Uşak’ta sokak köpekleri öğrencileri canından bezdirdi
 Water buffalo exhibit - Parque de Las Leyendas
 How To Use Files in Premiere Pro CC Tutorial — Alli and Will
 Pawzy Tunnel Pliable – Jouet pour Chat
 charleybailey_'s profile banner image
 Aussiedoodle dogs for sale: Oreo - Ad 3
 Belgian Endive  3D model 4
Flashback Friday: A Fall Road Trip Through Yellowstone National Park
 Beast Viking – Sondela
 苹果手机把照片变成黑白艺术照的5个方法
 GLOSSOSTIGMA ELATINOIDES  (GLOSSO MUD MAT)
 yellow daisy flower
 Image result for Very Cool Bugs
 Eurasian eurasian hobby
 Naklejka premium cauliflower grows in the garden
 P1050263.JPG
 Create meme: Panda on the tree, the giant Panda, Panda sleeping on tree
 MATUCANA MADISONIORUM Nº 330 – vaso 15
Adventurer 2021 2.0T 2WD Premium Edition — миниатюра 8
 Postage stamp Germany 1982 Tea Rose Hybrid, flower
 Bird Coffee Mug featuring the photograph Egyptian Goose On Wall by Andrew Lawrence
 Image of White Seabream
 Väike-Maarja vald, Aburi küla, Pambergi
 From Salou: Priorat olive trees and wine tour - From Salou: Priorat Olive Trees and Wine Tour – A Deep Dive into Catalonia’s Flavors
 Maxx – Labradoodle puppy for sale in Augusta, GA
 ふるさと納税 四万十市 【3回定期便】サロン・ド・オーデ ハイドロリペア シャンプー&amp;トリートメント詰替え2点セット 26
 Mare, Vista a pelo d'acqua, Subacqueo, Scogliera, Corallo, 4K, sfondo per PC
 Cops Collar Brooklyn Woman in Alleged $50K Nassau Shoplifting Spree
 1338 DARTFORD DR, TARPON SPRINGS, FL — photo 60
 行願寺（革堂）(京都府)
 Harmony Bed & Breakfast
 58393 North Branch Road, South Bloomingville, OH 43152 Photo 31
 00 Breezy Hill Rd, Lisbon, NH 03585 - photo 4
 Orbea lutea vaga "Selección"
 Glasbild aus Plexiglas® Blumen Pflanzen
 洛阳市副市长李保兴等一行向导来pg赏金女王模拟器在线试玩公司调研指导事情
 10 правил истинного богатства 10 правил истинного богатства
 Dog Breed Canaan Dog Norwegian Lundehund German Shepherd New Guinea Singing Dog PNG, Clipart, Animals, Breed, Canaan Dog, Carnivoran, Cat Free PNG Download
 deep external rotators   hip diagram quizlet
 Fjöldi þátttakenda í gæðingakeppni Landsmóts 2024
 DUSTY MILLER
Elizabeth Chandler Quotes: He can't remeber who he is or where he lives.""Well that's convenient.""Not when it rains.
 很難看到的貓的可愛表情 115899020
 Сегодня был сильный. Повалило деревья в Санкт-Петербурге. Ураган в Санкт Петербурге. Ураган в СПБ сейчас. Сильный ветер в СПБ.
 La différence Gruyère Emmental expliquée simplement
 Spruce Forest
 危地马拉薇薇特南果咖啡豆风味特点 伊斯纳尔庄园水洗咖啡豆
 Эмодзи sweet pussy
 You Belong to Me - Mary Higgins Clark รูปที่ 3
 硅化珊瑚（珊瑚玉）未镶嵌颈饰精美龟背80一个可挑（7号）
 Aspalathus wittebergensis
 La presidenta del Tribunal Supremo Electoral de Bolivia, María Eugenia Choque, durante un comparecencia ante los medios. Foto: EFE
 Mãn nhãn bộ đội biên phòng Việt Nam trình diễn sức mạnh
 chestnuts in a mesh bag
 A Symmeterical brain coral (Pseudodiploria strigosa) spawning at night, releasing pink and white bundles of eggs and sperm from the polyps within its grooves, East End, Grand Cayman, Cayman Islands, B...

| What is being asked |
Write out every record above, word for word.

| Reply |
Uşak’ta sokak köpekleri öğrencileri canından bezdirdi
 Water buffalo exhibit - Parque de Las Leyendas
 How To Use Files in Premiere Pro CC Tutorial — Alli and Will
 Pawzy Tunnel Pliable – Jouet pour Chat
 charleybailey_'s profile banner image
 Aussiedoodle dogs for sale: Oreo - Ad 3
 Belgian Endive  3D model 4
Flashback Friday: A Fall Road Trip Through Yellowstone National Park
 Beast Viking – Sondela
 苹果手机把照片变成黑白艺术照的5个方法
 GLOSSOSTIGMA ELATINOIDES  (GLOSSO MUD MAT)
 yellow daisy flower
 Image result for Very Cool Bugs
 Eurasian eurasian hobby
 Naklejka premium cauliflower grows in the garden
 P1050263.JPG
 Create meme: Panda on the tree, the giant Panda, Panda sleeping on tree
 MATUCANA MADISONIORUM Nº 330 – vaso 15
Adventurer 2021 2.0T 2WD Premium Edition — миниатюра 8
 Postage stamp Germany 1982 Tea Rose Hybrid, flower
 Bird Coffee Mug featuring the photograph Egyptian Goose On Wall by Andrew Lawrence
 Image of White Seabream
 Väike-Maarja vald, Aburi küla, Pambergi
 From Salou: Priorat olive trees and wine tour - From Salou: Priorat Olive Trees and Wine Tour – A Deep Dive into Catalonia’s Flavors
 Maxx – Labradoodle puppy for sale in Augusta, GA
 ふるさと納税 四万十市 【3回定期便】サロン・ド・オーデ ハイドロリペア シャンプー&amp;トリートメント詰替え2点セット 26
 Mare, Vista a pelo d'acqua, Subacqueo, Scogliera, Corallo, 4K, sfondo per PC
 Cops Collar Brooklyn Woman in Alleged $50K Nassau Shoplifting Spree
 1338 DARTFORD DR, TARPON SPRINGS, FL — photo 60
 行願寺（革堂）(京都府)
 Harmony Bed & Breakfast
 58393 North Branch Road, South Bloomingville, OH 43152 Photo 31
 00 Breezy Hill Rd, Lisbon, NH 03585 - photo 4
 Orbea lutea vaga "Selección"
 Glasbild aus Plexiglas® Blumen Pflanzen
 洛阳市副市长李保兴等一行向导来pg赏金女王模拟器在线试玩公司调研指导事情
 10 правил истинного богатства 10 правил истинного богатства
 Dog Breed Canaan Dog Norwegian Lundehund German Shepherd New Guinea Singing Dog PNG, Clipart, Animals, Breed, Canaan Dog, Carnivoran, Cat Free PNG Download
 deep external rotators   hip diagram quizlet
 Fjöldi þátttakenda í gæðingakeppni Landsmóts 2024
 DUSTY MILLER
Elizabeth Chandler Quotes: He can't remeber who he is or where he lives.""Well that's convenient.""Not when it rains.
 很難看到的貓的可愛表情 115899020
 Сегодня был сильный. Повалило деревья в Санкт-Петербурге. Ураган в Санкт Петербурге. Ураган в СПБ сейчас. Сильный ветер в СПБ.
 La différence Gruyère Emmental expliquée simplement
 Spruce Forest
 危地马拉薇薇特南果咖啡豆风味特点 伊斯纳尔庄园水洗咖啡豆
 Эмодзи sweet pussy
 You Belong to Me - Mary Higgins Clark รูปที่ 3
 硅化珊瑚（珊瑚玉）未镶嵌颈饰精美龟背80一个可挑（7号）
 Aspalathus wittebergensis
 La presidenta del Tribunal Supremo Electoral de Bolivia, María Eugenia Choque, durante un comparecencia ante los medios. Foto: EFE
 Mãn nhãn bộ đội biên phòng Việt Nam trình diễn sức mạnh
 chestnuts in a mesh bag
 A Symmeterical brain coral (Pseudodiploria strigosa) spawning at night, releasing pink and white bundles of eggs and sperm from the polyps within its grooves, East End, Grand Cayman, Cayman Islands, B...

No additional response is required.